Elizabeth Cardozo Barker (1900–1981) was the founder of Cardozo Sisters Hairstylists in Washington, D.C. She was also a president of the D.C. Cosmetology Board.

==Biography==
Elizabeth Cardozo Barker was born in Washington, D.C., where she lived until she retired in 1970. She was interviewed for the Black Women Oral History Project along with both of her sisters, Margaret Cardozo Holmes and Catherine Cardozo Lewis. In 1928, she founded, and the three of them later ran together, Cardozo Sisters Hairstylists. Barker worked as a typist at Howard University and as a manager of the Washington, D.C. branch of Liberty Life Insurance Company of Chicago.

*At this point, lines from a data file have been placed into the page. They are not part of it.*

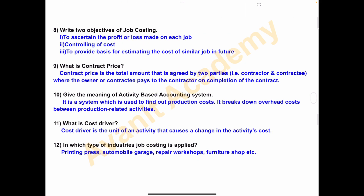Eighth one — write two objectives of job costing. Number one: to ascertain the profit or loss made on each job. Second: controlling of cost. Third: to provide a basis for estimating the cost of a similar job in future. Next is what is contract price? This question is from contract costing. Contract price is the total amount agreed upon by two parties — the contractor and contractee — where the owner or the contractee pays the amount to the contractor on completion of the contract.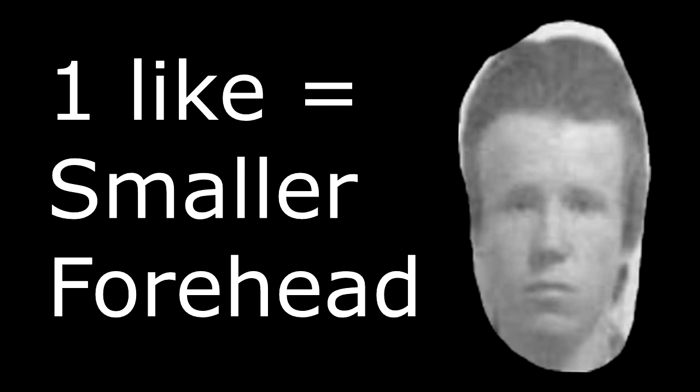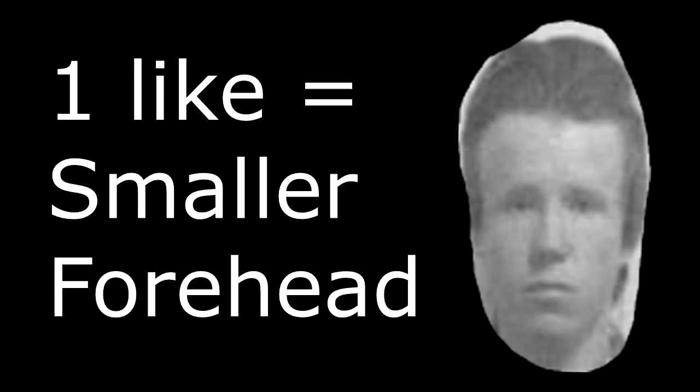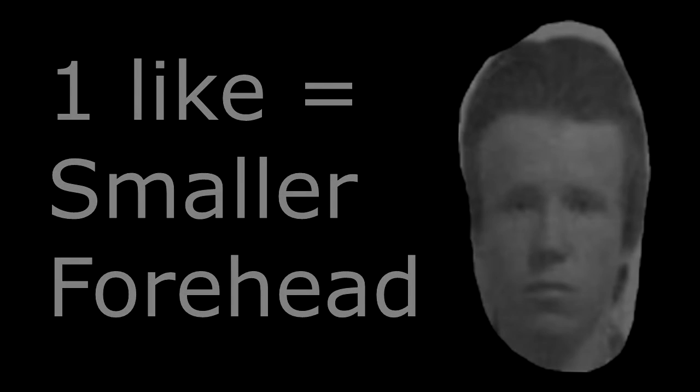How could this happen to me? I made my mistakes, got nowhere to run. The night goes on as I'm fading away. I'm fading away.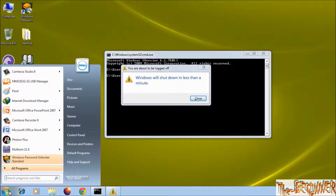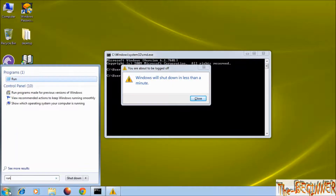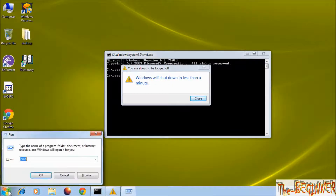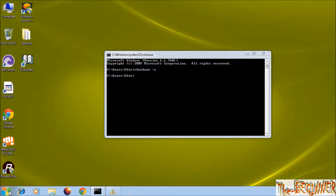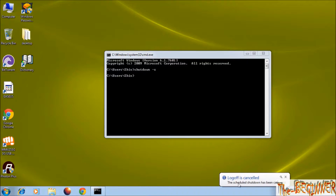To cancel this countdown, type here run, then enter. Here type shutdown space dash a, then enter. Log off is cancelled.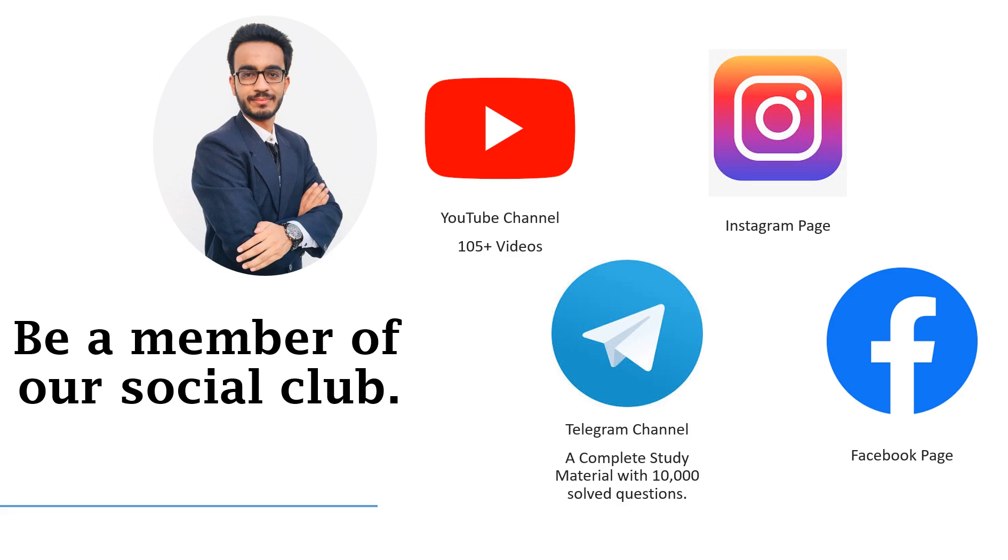Thank you and be a member of our social club. Check out other 105 videos on our YouTube channel and get a complete study material with 10,000 solved questions on our Telegram channel.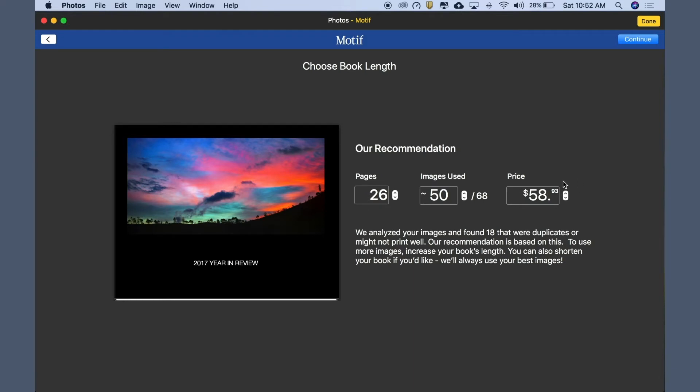In this example, we want most of the images in the album, but there were some alternate shots that might be nice to weed out. So let's adjust the image count up to 64. There we go. Click Continue and see what happens.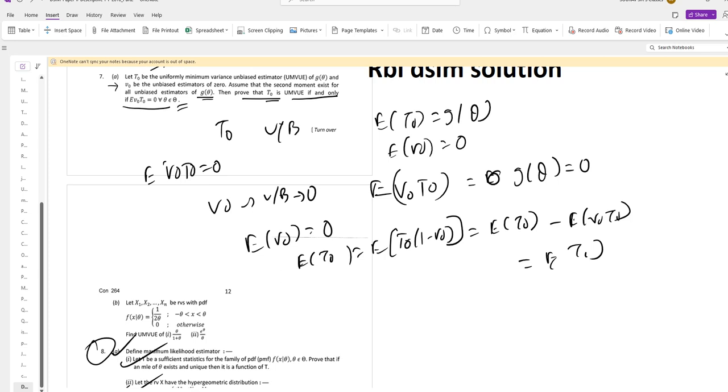So this means that T0 is an unbiased estimator. In conclusion, we have shown that T0 is a UMBUE of G theta if and only if E of V0 T0 equals 0.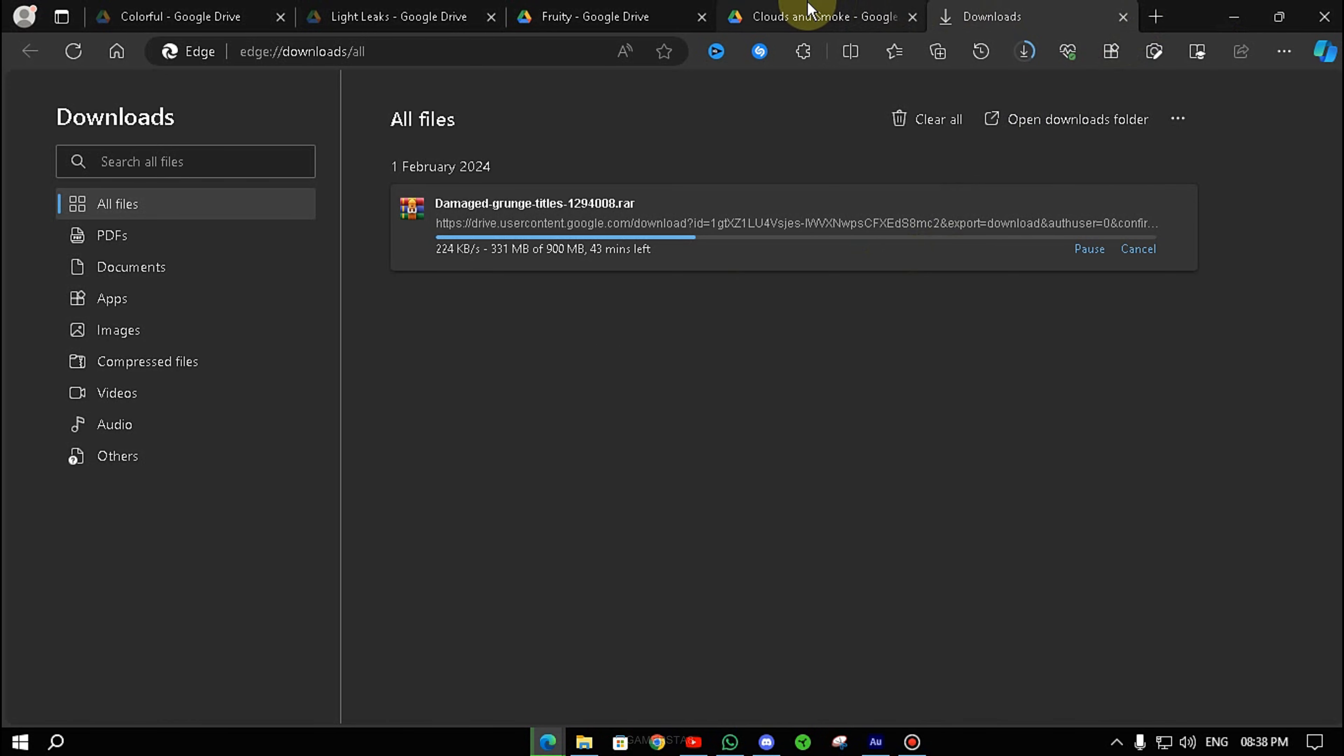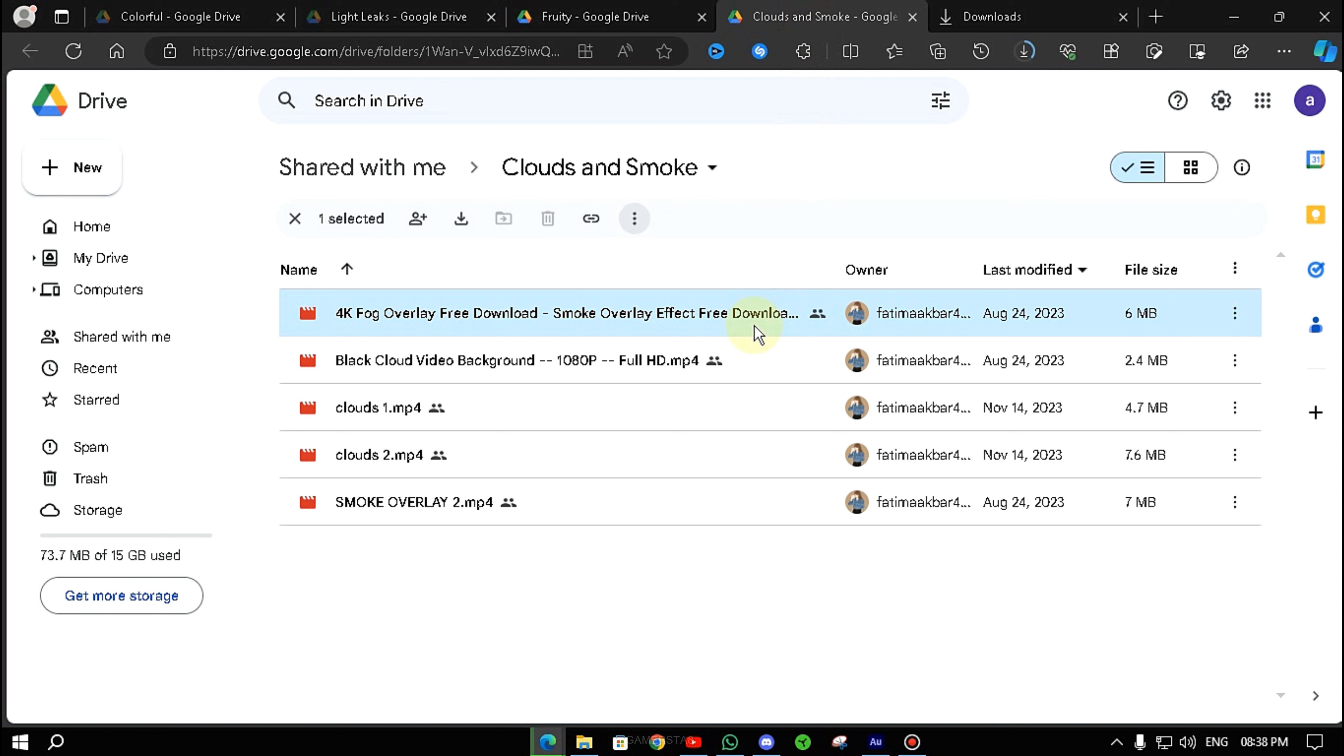It's obvious that there are RAR files, so they will get a RAR file. Simply click on it. After that, there is a download option. Click on the three dots, click on the download.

Barker originally started the salon in her upstairs apartment but it later grew to have five storefront locations in Washington, D.C. Barker and her sister Margaret Cardozo Holmes would attend white trade shows to learn new techniques and find new products for their business. Jim Crow laws would normally prevent their entrance to these shows but the sisters "passed for white". The sisters sold the business after 50 years in 1978. Elizabeth Cardozo Barker was appointed to the D.C. cosmetology board in 1963 and was made president in 1967. She was also a member of the board of directors for the Small Business Development Center. Through this role and her successful business, she fought for desegregation and the end of discriminatory practices in this field. She retired in Osterville, Massachusetts in 1970. Her second husband, Beltran Barker, died in 1979. She died of a heart attack in 1981 at Cape Cod Community Hospital in Hyannis, Massachusetts.